- [Record extracts]:
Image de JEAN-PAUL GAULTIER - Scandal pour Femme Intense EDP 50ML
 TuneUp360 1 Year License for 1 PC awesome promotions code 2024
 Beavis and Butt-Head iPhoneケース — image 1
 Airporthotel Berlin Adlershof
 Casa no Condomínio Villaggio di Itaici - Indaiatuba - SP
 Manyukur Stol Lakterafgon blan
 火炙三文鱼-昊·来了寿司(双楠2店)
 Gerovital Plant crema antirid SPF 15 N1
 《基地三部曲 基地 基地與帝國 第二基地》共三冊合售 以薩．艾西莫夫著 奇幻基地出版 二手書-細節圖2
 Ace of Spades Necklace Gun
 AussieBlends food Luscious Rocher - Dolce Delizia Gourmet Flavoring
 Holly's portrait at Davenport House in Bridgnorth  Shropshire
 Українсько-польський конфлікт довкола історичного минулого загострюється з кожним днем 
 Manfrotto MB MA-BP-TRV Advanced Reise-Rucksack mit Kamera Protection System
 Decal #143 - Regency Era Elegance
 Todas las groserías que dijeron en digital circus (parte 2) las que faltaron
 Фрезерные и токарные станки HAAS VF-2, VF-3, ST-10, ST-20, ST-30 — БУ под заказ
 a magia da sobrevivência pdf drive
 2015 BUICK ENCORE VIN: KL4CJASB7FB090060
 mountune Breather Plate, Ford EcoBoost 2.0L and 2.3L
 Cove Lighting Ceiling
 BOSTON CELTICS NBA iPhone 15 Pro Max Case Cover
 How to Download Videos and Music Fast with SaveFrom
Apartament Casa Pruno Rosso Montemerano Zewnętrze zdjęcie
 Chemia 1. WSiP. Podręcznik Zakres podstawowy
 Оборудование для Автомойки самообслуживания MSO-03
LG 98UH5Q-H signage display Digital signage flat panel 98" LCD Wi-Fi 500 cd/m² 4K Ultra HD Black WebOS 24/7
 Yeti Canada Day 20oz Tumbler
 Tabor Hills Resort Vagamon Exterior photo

- [What the task asks]: A word-for-word restatement of the lines running from the one with "Yeti Canada Day 20oz Tumbler" to the last line of the records is the whole answer.

- [Solution to this problem]:
 Yeti Canada Day 20oz Tumbler
 Tabor Hills Resort Vagamon Exterior photo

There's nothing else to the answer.